The Collegian
Saturday, April 20, 2024

Movie Review: (500) Days of Summer

Grade: A-

Starring: Zooey Deschanel, Joseph Gordon-Levitt, Geoffrey Arend, Chloe Moretz and Matthew Gray Gubler.

Why it gets an A- :

Warning: This is a movie about real life. I know this because I've lived through it. In fact, at this point I could've written it myself. Who wants to see a romantic comedy about real life, you ask? Well, first off, it's not a comedy. Second, you'd be surprised at the number of single guys

and grannies hogging the stadium seating.

The film, which stars Zooey Deschanel and Joseph Gordon-Levitt, deals with the dirty ending of a one-sided romance.
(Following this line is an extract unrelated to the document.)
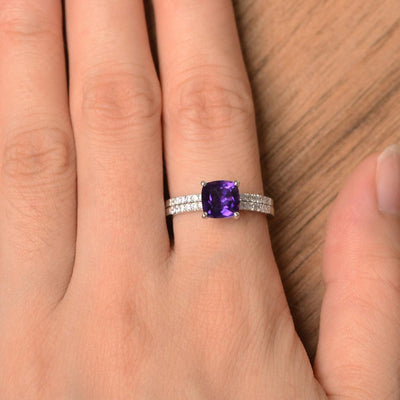 Cushion Cut Amethyst Wedding Ring Set - Palmary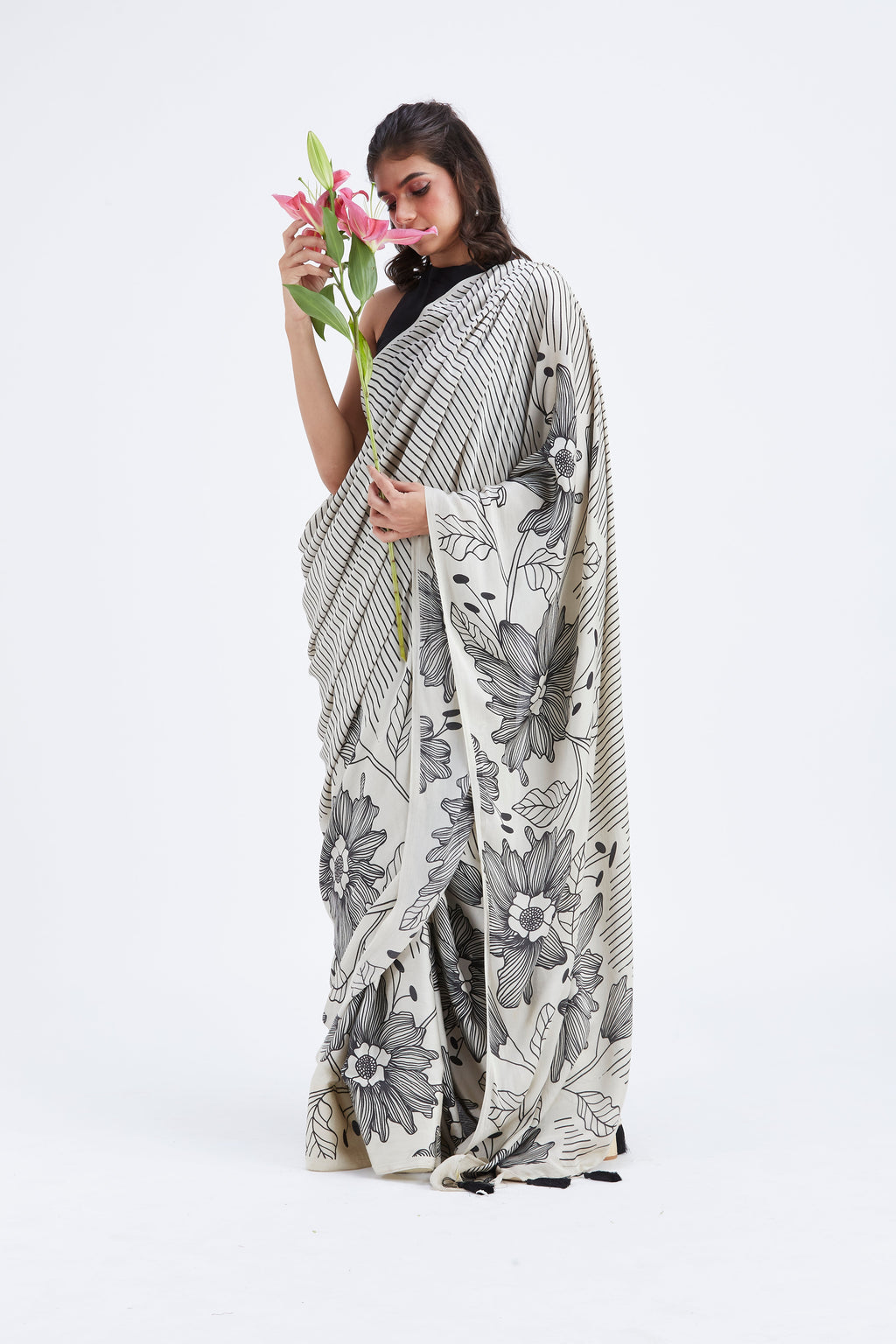 Savana Modal Saree at Kamakhyaa by Hasttvam. This item is Ete by Hasttvam, Floral Prints, Hand Printed, Modal, Under $50, Wedding Wear, Womenswear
Deschanel doesn't believe in love and Gordon-Levitt has lived his whole life in desperate pursuit of it. The characters -- so honest and normal -- are flawed, curious and carefree. They're young and experimental. They are suspiciously ... like me. Together, they create a romantic movie with genuine, stunted disappointments and quiet revelations that climaxes with a profound moment of clarification for the young lovers. Two ordinary people knotted together disentangle themselves and survive with their souls intact — a great premise for a Sundance film.

As is usually the case, romantic movies have been hit or miss this year. Travesties such as "Confessions of a Shopaholic," "Bride Wars" and "The Ugly Truth" were about as repulsive as the ditzy female characters that populated them, cluttering the screen with their intolerable cluelessness and screeches about love and sacrifice. Meanwhile, "He's Just Not That Into You" and "The Proposal" surprised me with their quirky, fresh takes on that crazy little thing called accidental love, and carried me away to idyllic Loveland. But "(500) Days of Summer" stranded me in Los Angeles, where the movie takes place, mesmerized by the quiet subtlety and power of a straightforward romance amidst a thousand convoluted ones.
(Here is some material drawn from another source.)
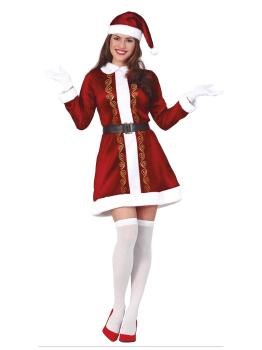 Disfraz de Mamá Noel granate para mujer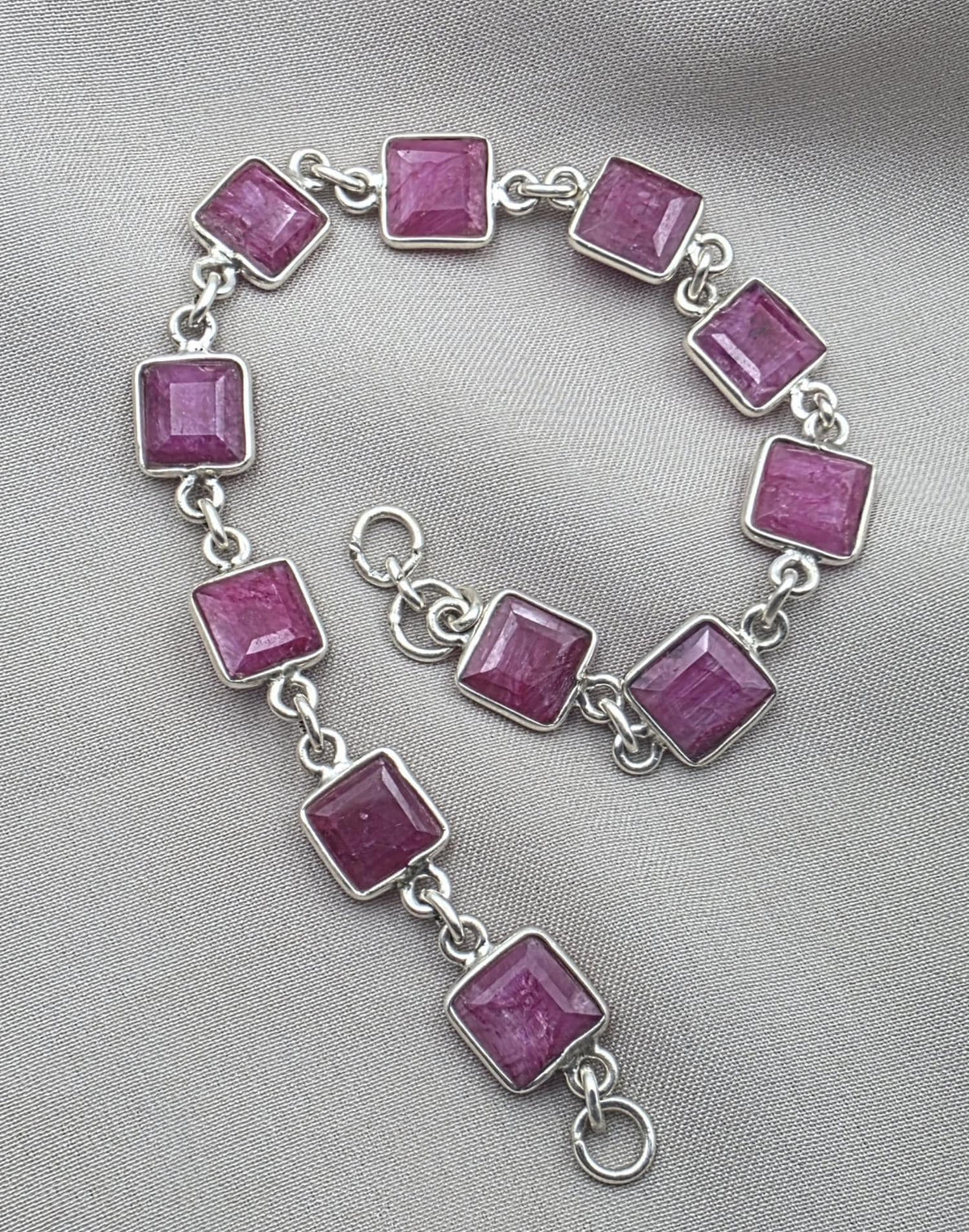 925 Sterling Silver Pink Ruby Bracelet Square Cut Gemstone Link Bracelet Gift for Her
Something so simple seems destined to fall flat on the big screen, but it doesn't. The light in Deschanel's eyes and the emotional limp the ordeal leaves Gordon-Levitt with, lifts the story up and manages to evade predictability. The film abstains from a conventional happy ending but gives the characters and audience closure -- the kind that can remain so elusive when a relationship falls apart.